I know I will have to take it apart. What will this entail and what tools and parts will I probably need to buy?  Thanks


----------



## timvercoe (Jan 20, 2016)

Don't know about tools and parts.  Maybe some one can help me here......I know the X axis had a split in the nut and a pinch bolt to adjust out the backlash.  I don't recall if the Y axis does or not.  If it does and some one has adjusted it to tighten up the back lash, the lead screw could be worn in the middle such that the screw works easy in the middle but binds in the nut on the ends.  Another possibility is wear in the V ways for the saddle are loose in the middle and tight on the ends.  The correction for this would be scraping away material to flatten 'and true the V ways.  You might try to adjust the gib and see how it effects the motion.  This could give you an indication of what to look for.    I worked on a Gorton mill a few months ago that some one had added brass shims to the V ways to tighten up the play.  It too would work fine in the middle motion and almost become impossible to move at the extremes of travel.  I took out the brass shim stock and adjusted the Gib, it seemed better.  I didn't cut any thing with it after that so don't know about the "proof in the pudding" so to speak.  If the screw is loose, worn in the middle, I just happen to have one that I ran across today.  It's a new screw from an acura turn that had been replaced by a ball screw for a CNC conversion.  The acura turn is a BP copy,  the screw might be the same.     

Tim


----------



## Ed ke6bnl (Jan 20, 2016)

I have a lot of free play in my x axis how do you go about tightening the split nut?


----------



## timvercoe (Jan 20, 2016)

It's been a long time since I was in my machine  under the table,  It seems to me that you can run the table all the way one way and then tighten the screw with a long blade screw driver.  I can look at my machine tomorrow when I get to the shop and see if it will jog my memory........ You might want to PM me to remind me to do it. 

Tim


----------



## timvercoe (Jan 20, 2016)

Another thought, if you have to take the table off the machine, it is heavy and remember it is a precision instrument, you don't want to drop it.  Be prepared, engine hoist, crane etc.  

Tim


----------



## Ed ke6bnl (Jan 20, 2016)

thanks, would be nice to get some of the play out of the screw, but things are sure nice with the added DRO even with the play. on this old 1955 Bridgeport.


----------



## ARKnack (Jan 20, 2016)

Ed ke6bnl said:


> I have a lot of free play in my x axis how do you go about tightening the split nut?
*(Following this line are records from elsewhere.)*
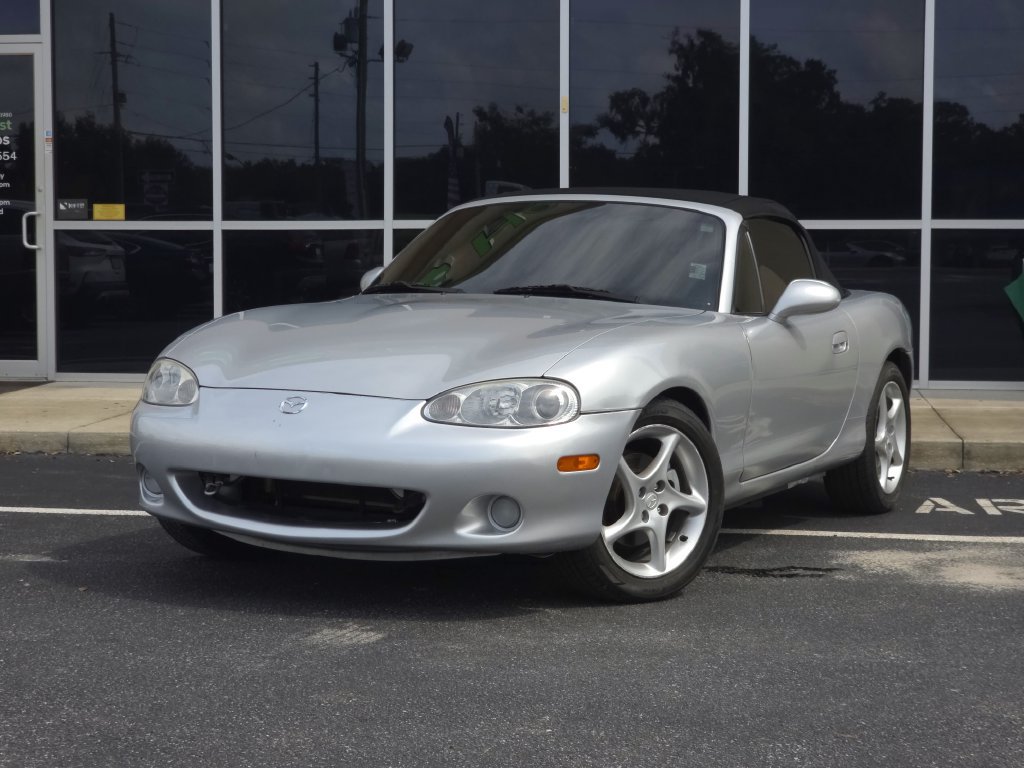 Used 2003 MAZDA MX-5 Miata RWD image 2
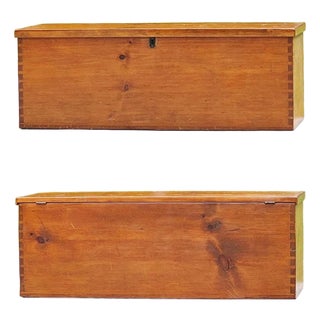 Antique Primitive Blanket Chest, Trunk With Candle Box & Half-Blind Dovetail Joints For Sale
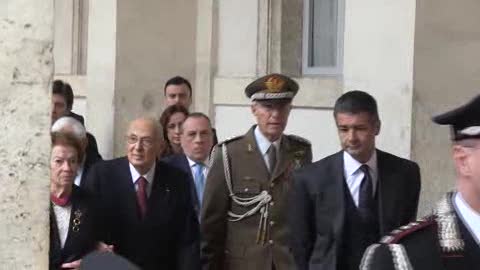 Napolitano lascia il Quirinale. Inno d'Italia e dono della bandiera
It depends on the nut you have. I have a Comet mill which is a BP clone. It had a locking screw I had to loosen, then I could led tighten the split nut.  Othe instruction I seen was you had to remove the nut and finish a saw cut that sliced the nut in half. Then there was an adjustment screw to tighten it. I am sure there are some YouTube videos showing how to do that.

If your mill is old, I would suggest you remove the table and clean/inspect it. On mine I found plugged oil ports and lines, so only prat of the ways were getting oil. It isn't really that hard to remove the table


----------



## EmilioG (Jan 20, 2016)

Yes. An overhaul is in order.
The bijur one shot is stuck as well.
Might be all plugged up.
Engine hoist?

Thanks to all.


----------



## EmilioG (Jan 21, 2016)

Where is the best place for BP parts? H&W Machinery? or here>>
http://www.icai-online.com/leadscrew-assembly/


----------



## Snell Metalfab - Joe (Jan 21, 2016)

I've been working on my newly acquired 1971 Bridgeport Variable Speed head and have found H & W Machinery to be most helpful.  They have nearly everything (they have had everything I needed, but that's been limited) right in stock and their prices seem fair enough.


----------



## Kernbigo (Jan 21, 2016)

i just fixed a bijur pump by draining it and dumping kroil's in it, took a couple hours but it worked through ,you can by it direct from the co.


----------



## ARKnack (Jan 21, 2016)

The easy way I found to remove the table was to use a heavy work bench. My mill table is a 10x50 and I was able to remove it by myself.
What I did was cranked the table all the way to the right. Removed the cranks & lead screw. Place the bench (steel top works great) next to the mill underneath the mill table. Lower the Z axis until the table was just touching or about to touch the bench top. Finish pulling the table onto the bench. The bench I used had casters on it so that made it super easy.
Putting the table back on was just the opposite. I did need help aligning the table and pushing it on at the same time. What is nice is the table is already on the bench so you can flip it over to work on. I did not remove the knee.
I had to replace a couple oil feed line and unplug several port.


----------



## dlane (Jan 21, 2016)

OP, you may want remove the Y Front chip cover and look in there, could be a bunch of junk making Y movement difficult. 
Just a thought


----------



## AlxJ64 (Jan 21, 2016)

I just replaced the lead screw nut in my '43 M head Bridgeport. Its not at all difficult. You actually don't need to full remove the table. Atleast I didn't have to but I did for the sake of cleaning it all. You can remove the right side of the x axis handles, and you may need a puller, to pull the handles. Then do the same for the left side and then thread the leadscrew out, and then carefully slide the table back to the right and that should give you reach to the cross slide area of the leadscrew... Photos...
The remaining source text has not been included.